The most interesting guidance note focuses on the Principle dealing with integrity. This is because the Standards and Regulations introduce separate Principles dealing with the need to act with integrity and the need to act with honesty. Until now, dishonesty has been regarded as being a more serious form of acting without integrity. As the two are now to be separated, the SRA has had to differentiate between them and give examples of what failing to act with integrity looks like.
It does this by reference to two Court of Appeal cases that were considered in 2018. Lord Justice Jackson is quoted as saying: “Integrity connotes adherence to the ethical standards of one’s own profession. That involves more than mere honesty”. This could be said to give a very broad interpretation to “integrity”. The SRA lists behaviour it considers might lead to a breach of this Principle which includes “a wilful or reckless disregard of standards, rules, legal requirements and obligations or ethics, including an indifference to what the applicable provisions are or to the impacts or consequences of a breach”. This suggests that a mere rule breach would not be regarded as a lack of integrity – there would have to be aggravating circumstances.
The SRA concludes by saying “If the circumstances of a case demonstrate dishonesty on the part of the regulated firm or individual, then we will take action for breach of SRA Principle 4 (Act with honesty).
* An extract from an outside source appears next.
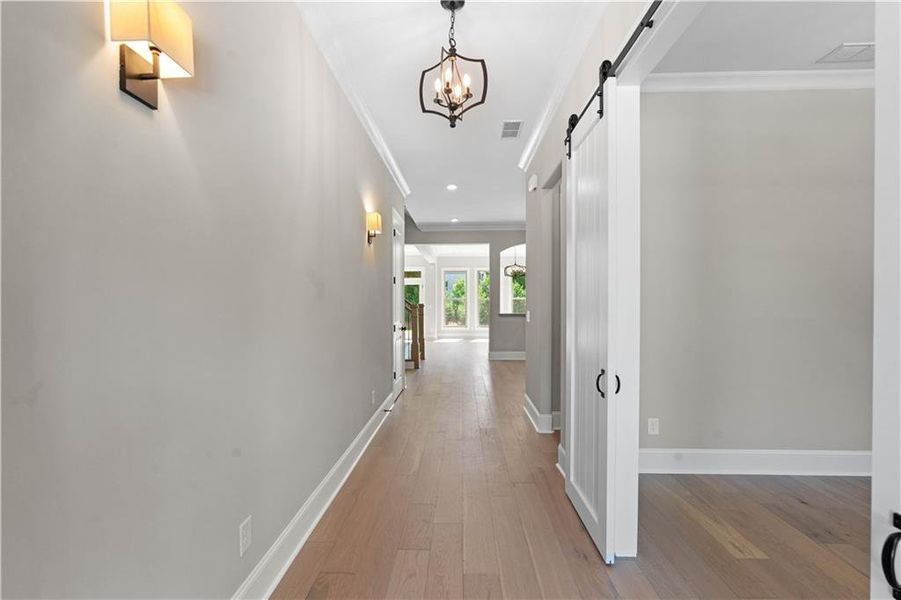 Spacious, unfurnished interior of a new home in Bellmoore Park, Johns Creek (Image 16). Spacious, unfurnished interior of a new home in Bellmoore Park, Johns Creek (Image 16).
However, we may also take action for lack of integrity, particularly where allegations are contested and therefore pleaded in the alternative”. In other words, the SRA will keep its options open in framing its allegations. There is undoubtedly a lot of water to flow under the bridge on this issue.
The guidance note on equality, diversity and inclusion stresses both the need for and benefits to be derived from a planned approach to EDI, touches on the legal obligations to which everyone is subject and goes on to provide details of what is expected of firms in this area and how compliance may be achieved.
Notes for Unregulated Organisations
- Unregulated organisations – Conflict and confidentiality
- Unregulated organisations – giving information to clients
- Unregulated organisations – for employers of SRA-regulated lawyers
The notes for those working outside regulated firms, as freelance solicitors and in-house solicitors providing services to the public, contain some fairly extensive guidance which reflects the fact that these are new areas of practice with which almost everyone will be unfamiliar.
Notes relating to authorisation
- Firm authorisation
- Can my business be authorised?
- Does my business need to be authorised?
- Preparing to become a sole practitioner or an SRA-regulated freelance solicitor
- When do I need a practising certificate?
Finally, there is a group of notes which look at the requirements for, and mechanics of, authorisation. In particular the note “Does my business need to be authorised?” provides a useful checklist to help you determine whether your business requires authorisation whilst the note “Can my business be authorised?” sets out when authorisation is possible and what would need to accompany your application for authorisation when made.
The SRA will, no doubt, be increasing its guidance offering as the new rules bed in and we will keep you up-to-date with these as and when they appear.